Exam P Practice Problem 11 – Binomial Sums

Problem 11A
Suppose X and Y are independent binomial variables with the following probability functions:

    \displaystyle P(X=k)=\binom{5}{k} \ \biggl[\frac{6}{10}\biggr]^k \ \biggl[\frac{4}{10}\biggr]^{10-k} \text{ where } k=0.1,2,3,4,5

    \displaystyle P(Y=k)=\binom{5}{k} \ \biggl[\frac{6}{10}\biggr]^k \ \biggl[\frac{4}{10}\biggr]^{10-k} \text{ where } k=0.1,2,3,4,5

Calculate the following sum:

    \displaystyle P(X=0) \ P(Y=4)+P(X=1) \ P(Y=3)+P(X=2) \ P(Y=2)

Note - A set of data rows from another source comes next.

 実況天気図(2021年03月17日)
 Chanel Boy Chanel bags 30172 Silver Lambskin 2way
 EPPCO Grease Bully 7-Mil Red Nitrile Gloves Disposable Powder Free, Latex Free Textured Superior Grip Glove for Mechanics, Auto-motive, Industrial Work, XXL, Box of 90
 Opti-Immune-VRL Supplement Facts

      \displaystyle +P(X=3) \ P(Y=1) + P(X=4) \ P(Y=0)

Problem 11B
Suppose X and Y are independent binomial variables with the following probability functions:

    \displaystyle P(X=k)=\binom{6}{k} \ \biggl[\frac{1}{2}\biggr]^6 \text{ where } k=0.1,2,3,4,5,6

    \displaystyle P(Y=k)=\binom{4}{k} \ \biggl[\frac{1}{2}\biggr]^4 \text{ where } k=0.1,2,3,4

Calculate the following sum:

    \displaystyle P(X=1) \ P(Y=4)+P(X=2) \ P(Y=3)+P(X=3) \ P(Y=2)

      \displaystyle +P(X=4) \ P(Y=1) + P(X=5) \ P(Y=0)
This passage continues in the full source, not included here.